Reputation: 1277
I am trying to model a database that needs a very high write throughput, and reasonable read throughput. I have a distributed set of systems that are adding "event" data into the database.
Currently, the id for the event record is a Guid. I have been reading that guids don't tend to create great indexes because their random distribution means that recent data will be scattered in the disk, which can lead to paging problems.
So here is the first assumption I would like to validate: I am assuming that I wan't to choose an _id that creates a right balanced tree, such as something like an autonumber. This would be beneficial because the 2 most recent events would essentially be right next to each other on disk. Is this a correct assumption?
Assuming that (1) is correct, then I am trying to work out the best way to generate such an id. I know Mongo natively supports ObjectId, which is convenient for applications that are ok tying their data to Mongo, but my application isn't such. Since there are multiple systems producing data, simulating an "auto-number" field is a little problematic because mongo doesn't support auto-number at the server side, so the producer would have to assign the id, which is hard if they don't know what the other systems are doing.
In order to solve for this, what I am considering doing is making the _id field a compound key on { localId, producerId } where local id is an autonumber that the producer can generate because producerId will make it unique. ProducerId is something that I can negotiate among producers so that they can come up with unique ids.

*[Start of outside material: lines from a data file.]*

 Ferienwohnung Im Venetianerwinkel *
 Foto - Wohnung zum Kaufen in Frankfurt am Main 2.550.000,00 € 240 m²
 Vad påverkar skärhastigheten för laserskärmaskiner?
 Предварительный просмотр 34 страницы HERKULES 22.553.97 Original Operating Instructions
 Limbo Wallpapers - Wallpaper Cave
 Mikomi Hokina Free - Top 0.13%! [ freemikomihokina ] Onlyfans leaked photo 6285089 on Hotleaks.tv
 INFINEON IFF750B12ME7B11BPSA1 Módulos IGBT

So here is my next question: If my goal is to get the most recent data from all producers, then { localId, producerId } should be the preferred key ordering since localId will be right-ist and producerId will be a small cluster, and I would prefer that the 2 most recent events stay local to each other. If I inverted that order, then my reasoning for how the tree would eventually look would be something like the following:
root
/ | \
p0 p1 p2
/ | \
e0..n e0..n e0..n
where p# is the producer Id, and e# is an event. This seems like it would fragment my index into p# clusters of data, and new events wouldn't necessarily be next to each other. My assumption for the preferred ordering should (please verify) look something like this instead:
root
/ | \
e0 e1 e2
/ | \
p0..n p0..n p0..n
which would seem to keep recent events near each other. ( I know that Mongo uses B-trees for indexes, but I am just trying to simplify the visual here ).

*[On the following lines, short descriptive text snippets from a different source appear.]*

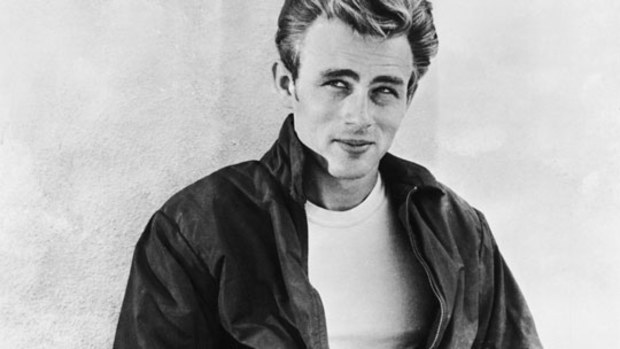 James Dean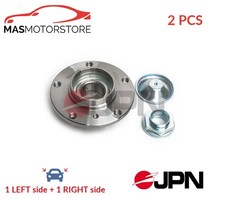 WHEEL BEARING KIT SET PAIR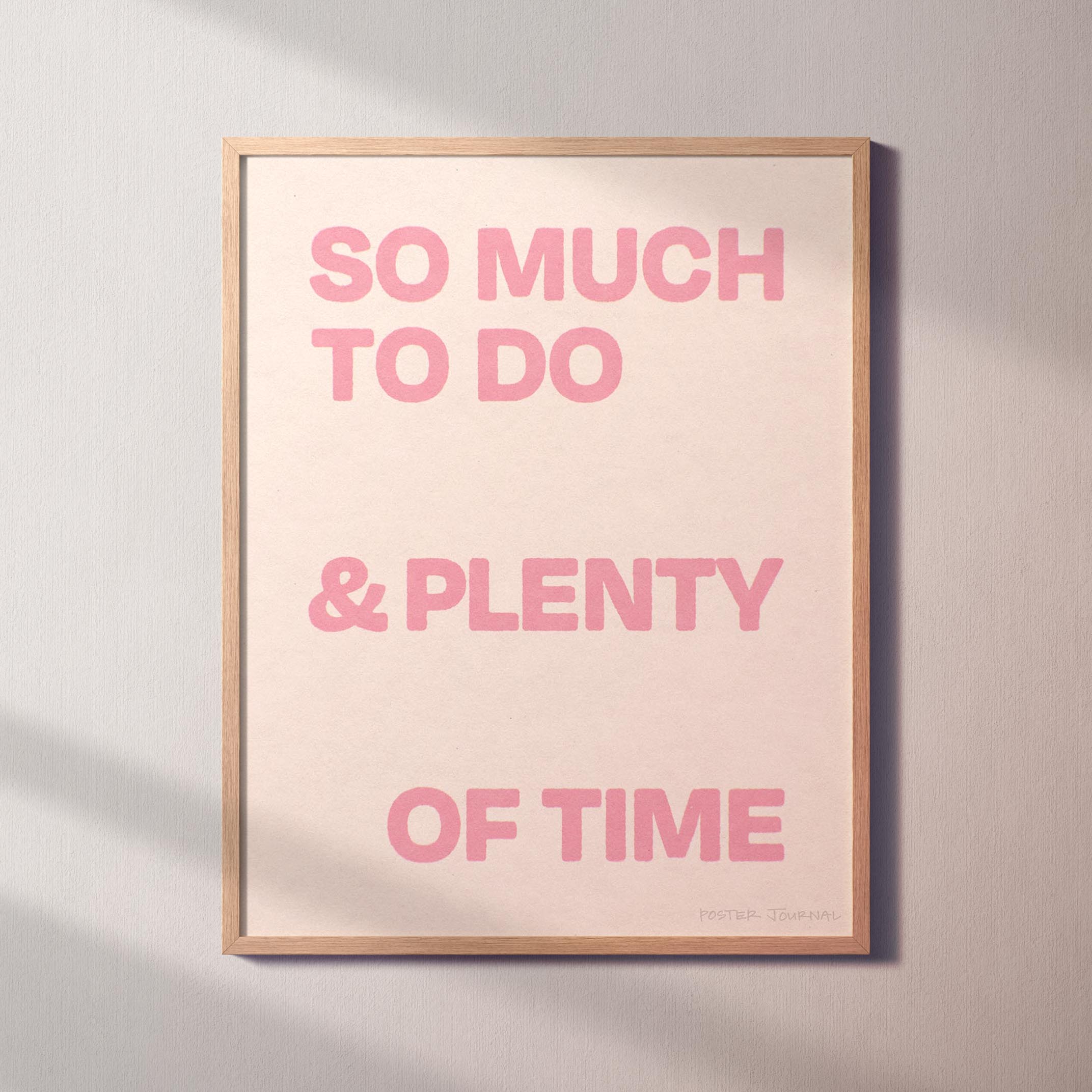 PLENTY PRINT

The only caveat to { localId, producerId } that I can see is that a common query by the user would be to list the most recent events by producer, which { producerId, localId } would actually handle much better. In order to get this query to work with { localId, producerId }, I am thinking that I will also need to add the producerId as a field to the document, and index that.

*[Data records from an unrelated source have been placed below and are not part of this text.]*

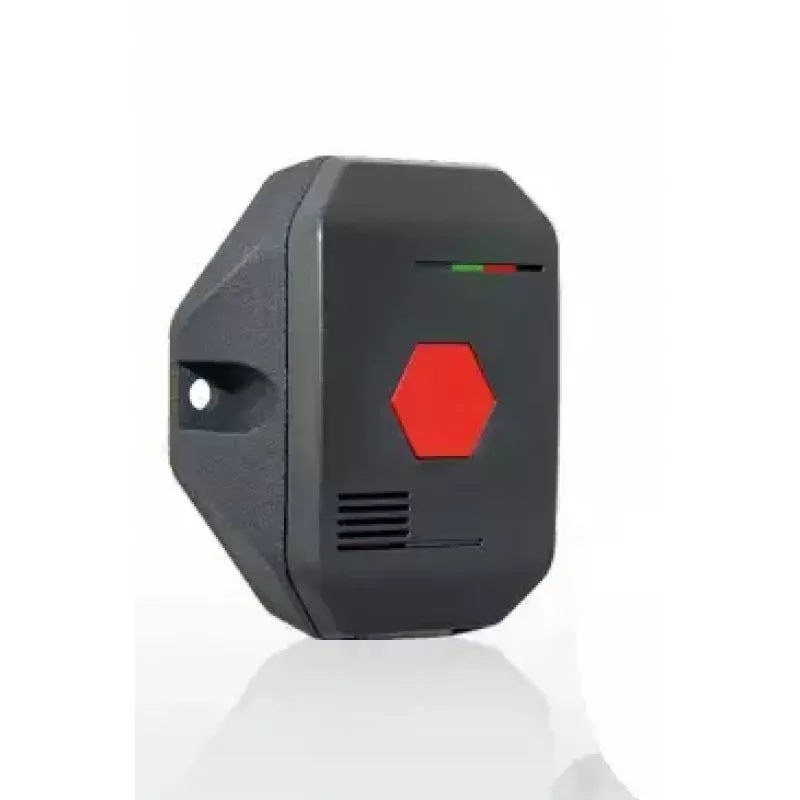 disty 5000390 botão de pânico alarme sem fios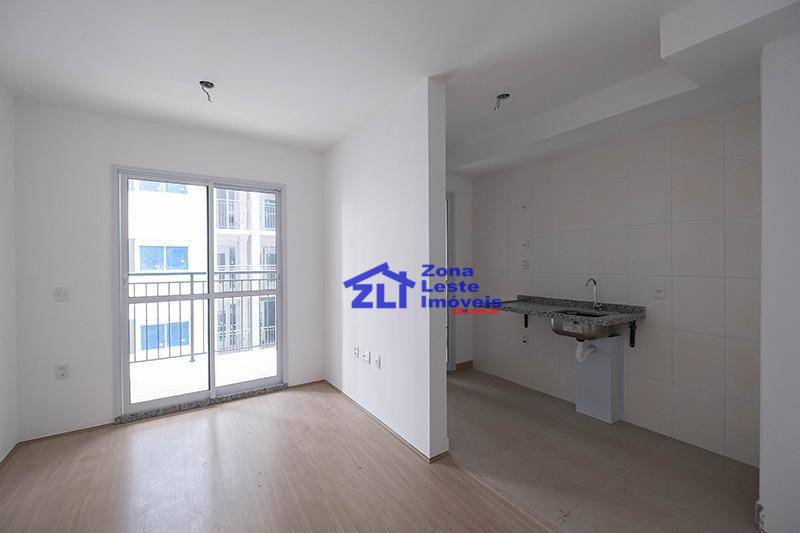 Apartamento à venda com 2 quartos, 51m² - Foto 16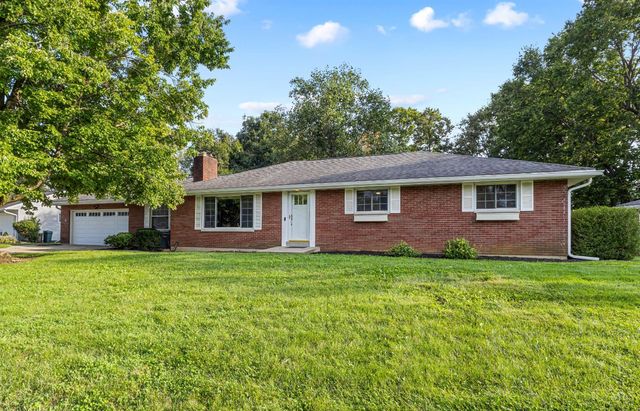5289 Charlene Avenue, Fairfield, OH 45014
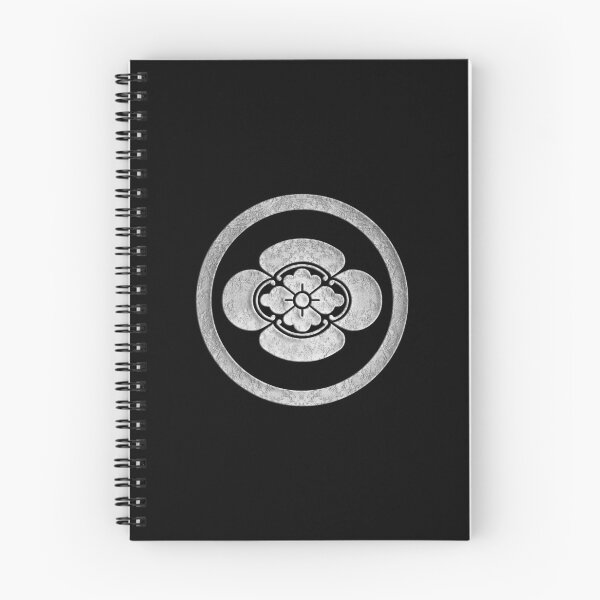 Item preview, Maruni Mokko Kamon in Silver Foil designed and sold by Takeda-art.
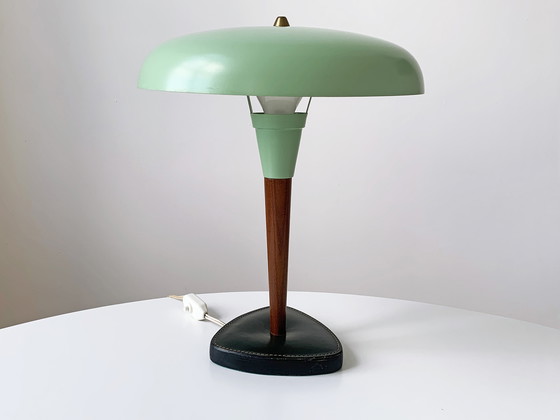 Image 1 of Lampe à poser Mid Century Ufo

To be explicit about what my question here really is, I want to know if I am thinking about this problem correctly, or if there is an obviously better way to approach this.
Thanks
Upvotes: 0
Views: 926
Reputation: 461
To answer your question: a compound like this: {a,b} will end in scatter queries if you just query by b and then sort by a. but it will use the index for sorting.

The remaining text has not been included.